Tuesday, January 14, 2014

What Is It About Middlemarch?

Silly Novels by Lady Novelists are a genus with many species, determined by the particular quality of silliness that predominates in them—the frothy, the prosy, the pious, or the pedantic. But it is a mixture of all these—a composite order of feminine fatuity—that produces the largest class.

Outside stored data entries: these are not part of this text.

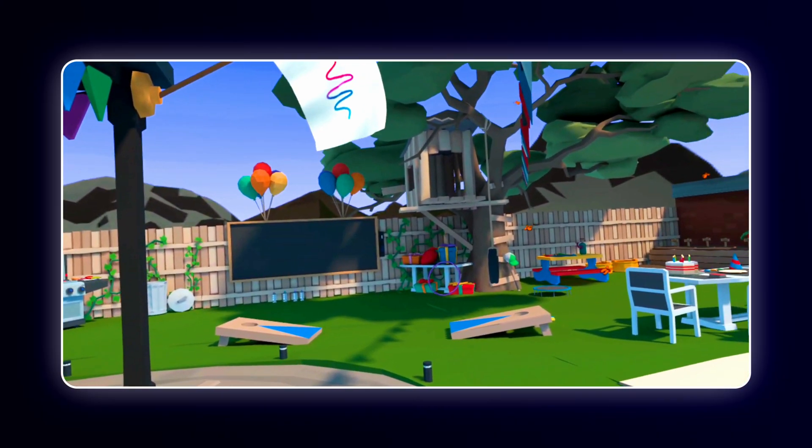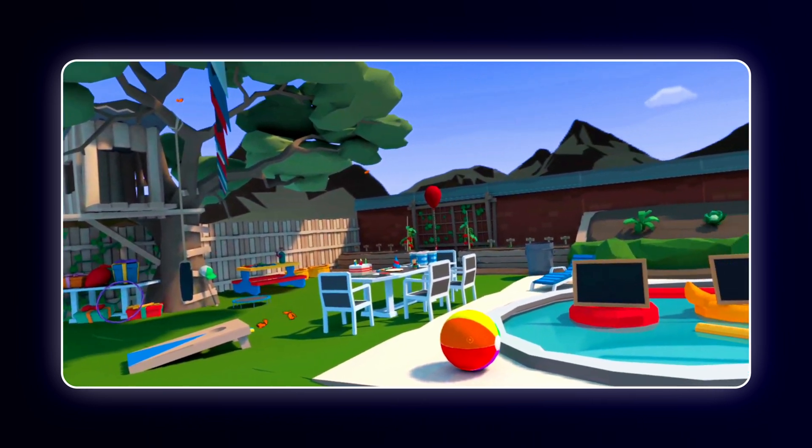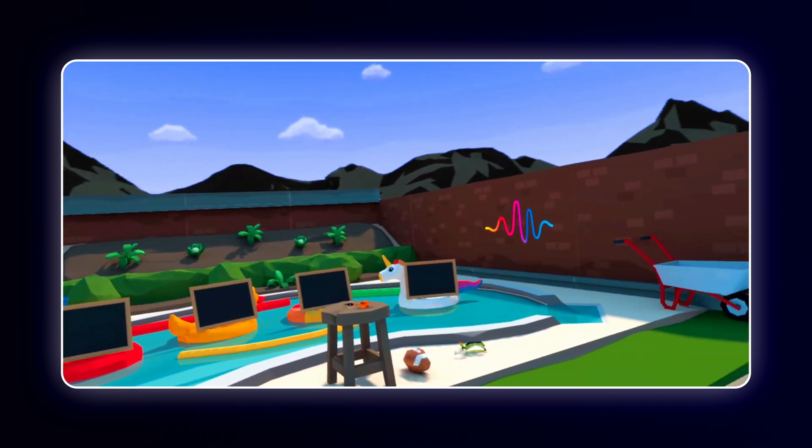One of my favorite scenes in Immerse is the backyard scene. Members can swim in the pool, fly a kite, water the garden, pick flowers, make hamburgers, even build ice cream cones, and so much more.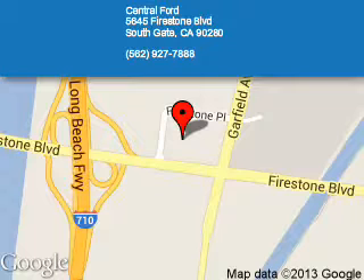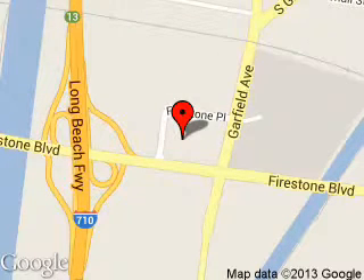Great quality at a great price. Call or click to contact us today. Central Ford is dedicated to doing everything possible to ensure that the experience you have selecting your next vehicle is as pleasant as possible. We are located at 5645 Firestone Boulevard, Southgate, California.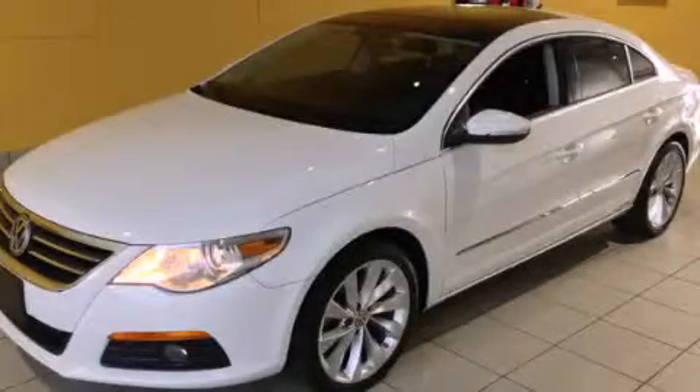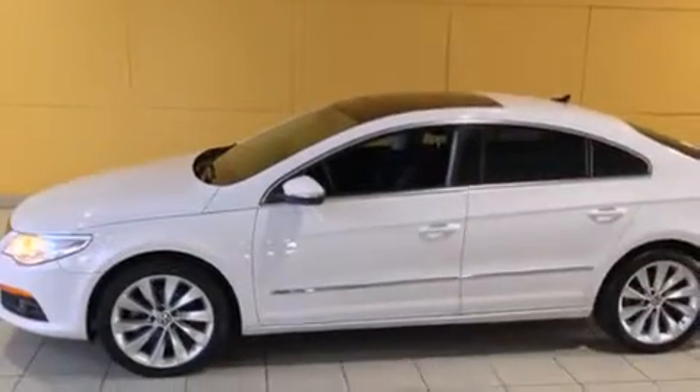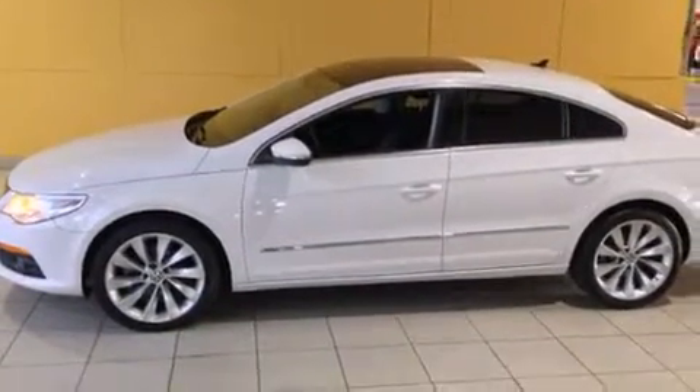This is a 2012 Volkswagen CC. It features a 2.0-liter four-cylinder engine and an automatic transmission.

The author then describes the many literary offenses these fatuous females commit. They are incompetent at verisimilitude: “Their intellect seems to have the peculiar impartiality of reproducing both what they have seen and heard, and what they have not seen and heard, with equal unfaithfulness.” They are as unoriginal, stylewise, as teenage girls cozily wearing one another’s clothes: “The lover has a manly breast; minds are redolent of various things; hearts are hollow.” They have the audacity to pronounce on important matters, as if “an amazing ignorance, both of science and of life, is the best possible qualification for forming an opinion on the knottiest moral and speculative questions.” Such allegations continue apace, until, eventually, the author provides a Silly Lady Novel recipe: “Take a woman’s head, stuff it with a smattering of philosophy and literature chopped small, and with false notions of society baked hard, let it hang over a desk a few hours every day, and serve up hot in feeble English when not required.”